Я остановился над обрывом в каком-то беспамятстве. Я стиснул зубы от прилива непонятной ярости. Мне хотелось ударить кого-нибудь по лицу во всю силу своих мускулов. Но кого? Могилевского?
Его мучила тяжелая желудочная боль. Он лежал у себя в комнате, укрывшись пледом, и смотрел в одну точку выпуклыми глазами. Он смотрел на муху, ползавшую по спинке кровати. Муха казалась ему посланницей смерти. Она не торопясь подходила к голове Могилевского, останавливалась и, вытянув сухие лапки, терла их одна о другую. Так человек потирает руки, предвкушая сытный обед.
Муха определенно ждала его смерти. Могилевский не спускал с нее глаз. Руки его были налиты тяжелой водой. Он не мог пошевелить пальцами, чтобы прогнать муху.
Он начал дремать. Океан гудел равномерно и глухо, будто бесконечный поезд, мчавшийся за окнами. Потом Могилевский зашевелился и открыл глаза: в долгий гул врезались новые звуки. Как стая псов, затявкали колокола, и, рванув воздух, загремел тревожный фабричный гудок.
Могилевский слышал, как бежали по двору работницы, стуча деревянными башмаками, как колотила в ворота кулаками толпа.
Сквозь туман он расслышал яростные крики: «Смерть!» – вскочил и упал.

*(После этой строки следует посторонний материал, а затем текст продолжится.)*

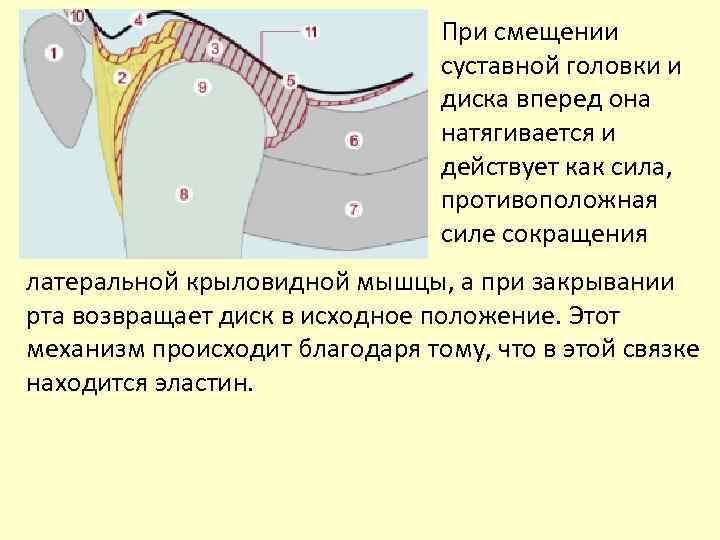 Вентральная дислокация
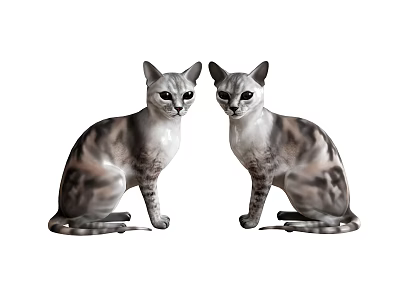 Two Gray And White Tabby Cats Sitting Together Looking At Camera 3d model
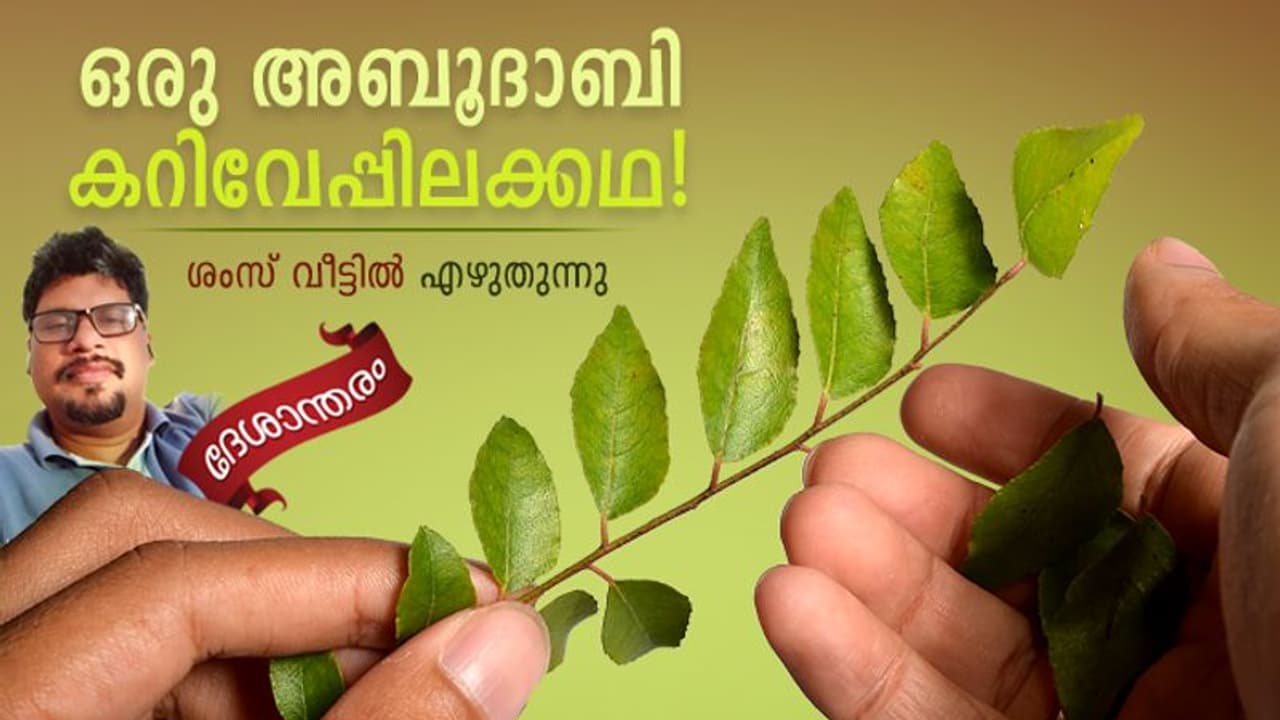 നാട്ടില്നിന്നും ഗള്ഫിലേക്ക് ഒരു വിഐപി കറിവേപ്പിലയുടെ യാത്ര! നാട്ടില്നിന്നും ഗള്ഫിലേക്ക് ഒരു വിഐപി കറിവേപ്പിലയുടെ യാത്ര!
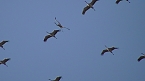 Sie fliegen wieder ein (Foto: Ulrich Reinboth) Sie fliegen wieder ein (Foto: Ulrich Reinboth)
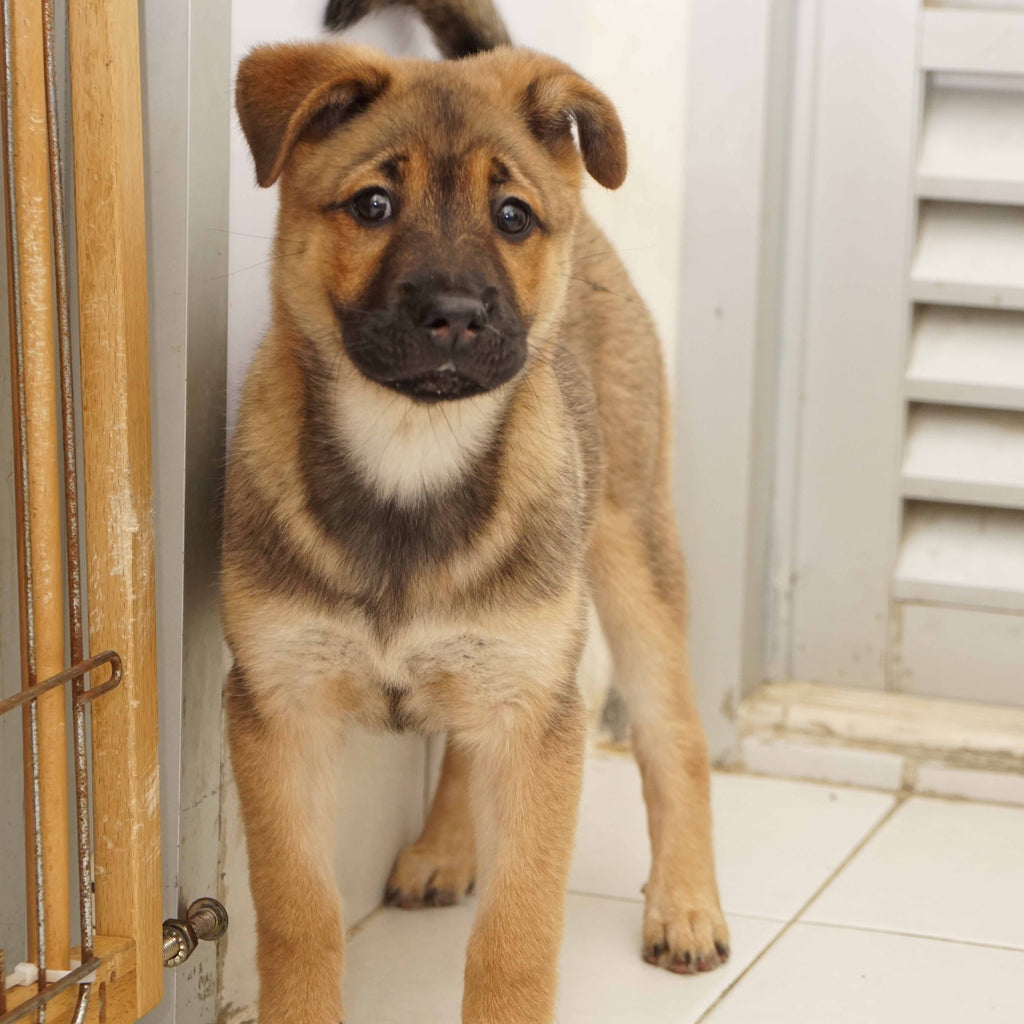 Chocolate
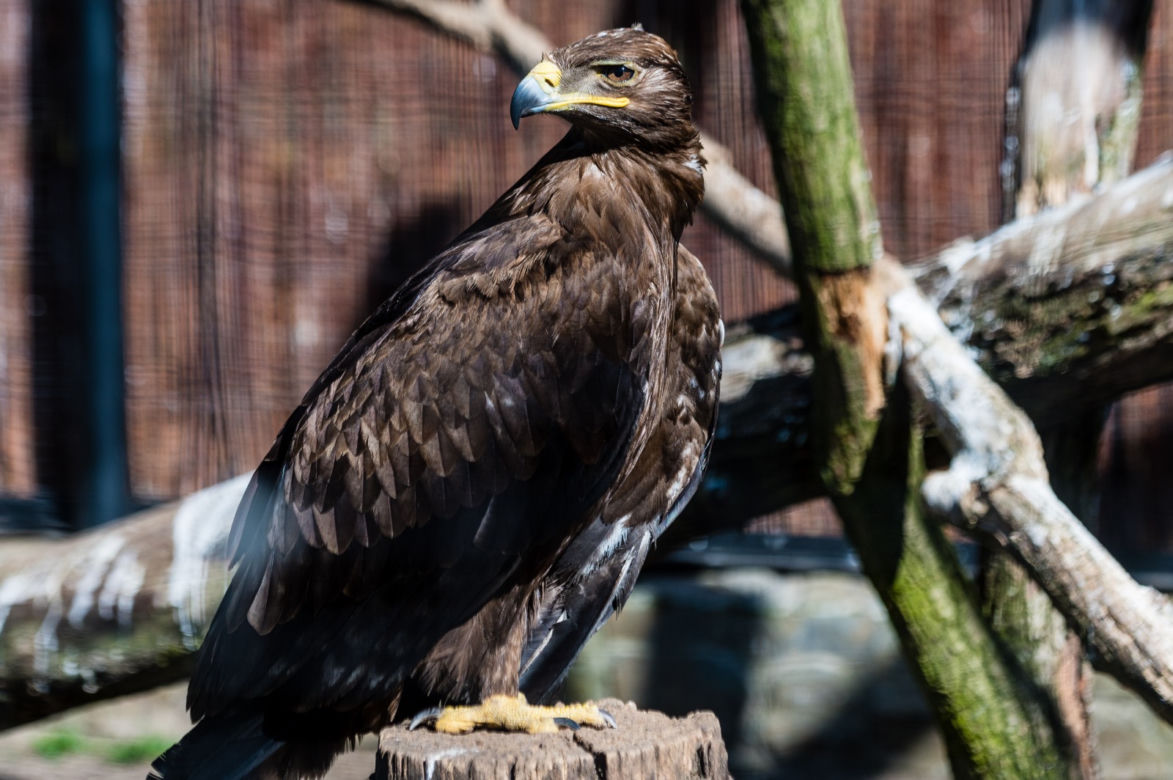 Koronawirus w Trójmieście. Zwierzęta z zoo tęsknią za ludźmi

Наконец-то за ним пришли. Упал он на коврик у кровати, спугнув кота. Он лежал, подогнув ноги, держась за живот, и медленная краска смерти ползла от носа ко рту и глазам.

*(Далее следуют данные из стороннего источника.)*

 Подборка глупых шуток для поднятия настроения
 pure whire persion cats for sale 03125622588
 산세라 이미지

Когда я вбежал в его комнату, вышибив ногою дверь, Могилевский был уже мертв. В это же время океан выбросил на берег мертвого Луи и его помощника.
Ярость рыбаков докатилась до трупа Могилевского и отхлынула. Толпа бросилась на фабрику. Работницы разбежались. Ривьер влез на пожарную лестницу и крикнул в темноту, где шевелилась мокрая толпа:
– Красавицы, бросайте работу! Пусть сгинет вся сардинка, дьявол ее побери! Ударим по хозяйской голове хорошим убытком!

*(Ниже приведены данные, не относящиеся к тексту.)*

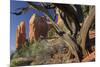 Cathedral Rock, Sedona, Arizona, Usa-Rainer Mirau-Mounted Photographic Print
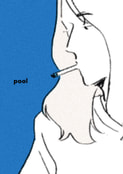 pool 22-2307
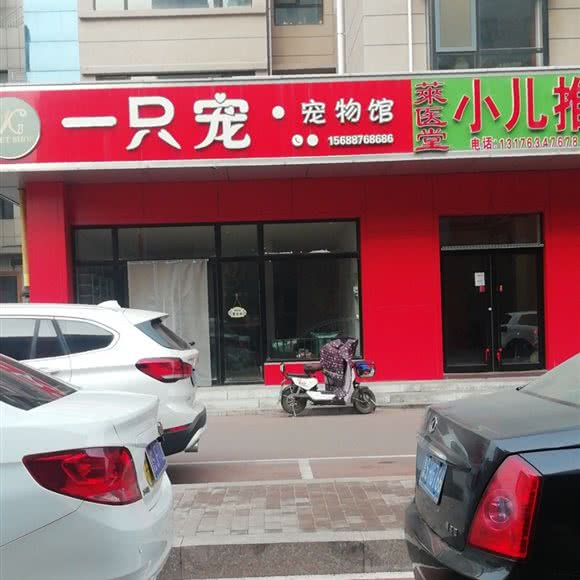 一只宠宠物馆:济南市莱芜区莱芜区附近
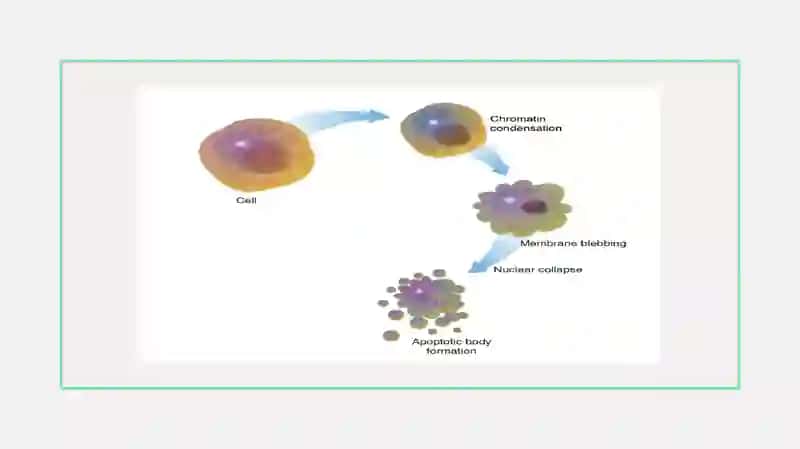 Apoptoz 4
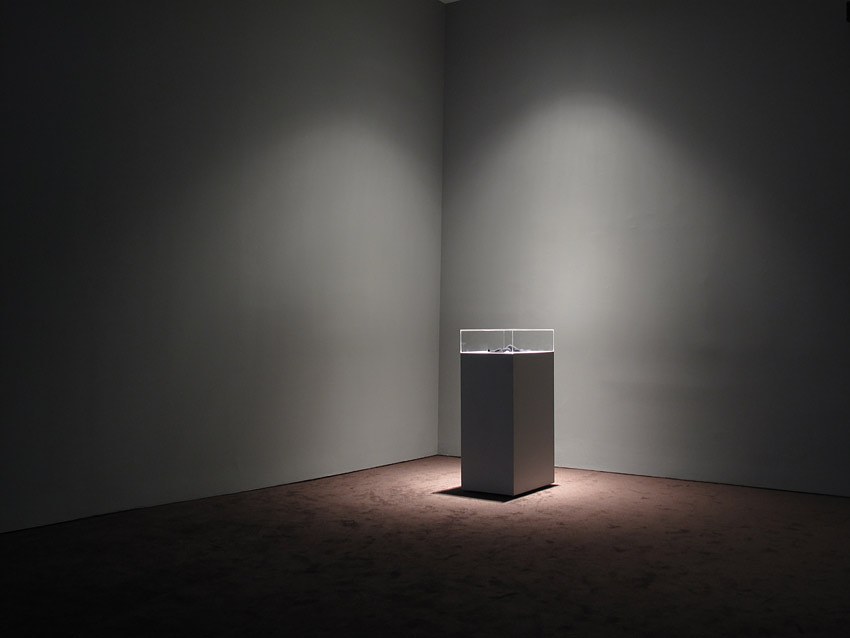 Christian Jankowski, Strip the Auctioneer at Petzel, photo 3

Толпа ответила гулом. Я остановил динамо и выпустил пар из котлов. Свет погас, фабрика стала.
Снизу, с берега, где рыбаки заворачивали в старый парус тело Луи, подымался розовый свет от костров.
«Оркней» разбился о Варг. Среди ночи тела Луи и его помощника, по прозвищу «Серьга», отнесли в часовню.
Я пошел в «Киберон». Шторм стихал. Океан дышал, как тяжелобольной. У ворот фабрики на погасшем фонаре болтался на веревке повешенный кот Могилевского. Кот вертелся и как будто мяукал.
В «Кибероне» было шумно и тесно. Мне уступили место. Шел разговор о забастовке. Ривьер владел умами. Он говорил резко и точно. Вино и волнение преобразили его лицо. Он казался даже красивым. Он мстил теперь за всю свою жизнь.
– Пришло время расплатиться за выпитое, – сказал он мне. – Я покажу, как следует мстить, молодые люди. Я не позволю вам выходить в море, пока хозяин не приползет в Одьерн из Парижа на брюхе и не подпишет вот здесь, в «Кибероне», все ваши условия. Первое – принимать всю рыбу, до последнего кило, и не сбавлять на нее цены. Второе – повысить заработок девочек на фабрике. И третье – вносить каждый год в общину рыбаков по тысяче франков на содержание старикашек и семей утонувших.
Я не знал тогда, что присутствую при начале знаменитой забастовки, охватившей вскоре все побережье.
Море опустело. Париж остался без сардинок. Доктор Альберт протискался ко мне – между столиков и сказал:
– Вы знаете, есть жизнь и есть смерть. Математик сказал бы, что жизнь – это плюс, а смерть – это минус. Но есть люди, которые не живут, но еще и не умерли, – люди, пришедшие к нулю. Таков был Ривьер, не правда ли? А теперь? Что случилось с ним? Он превратил этот рабочий трактир в конвент.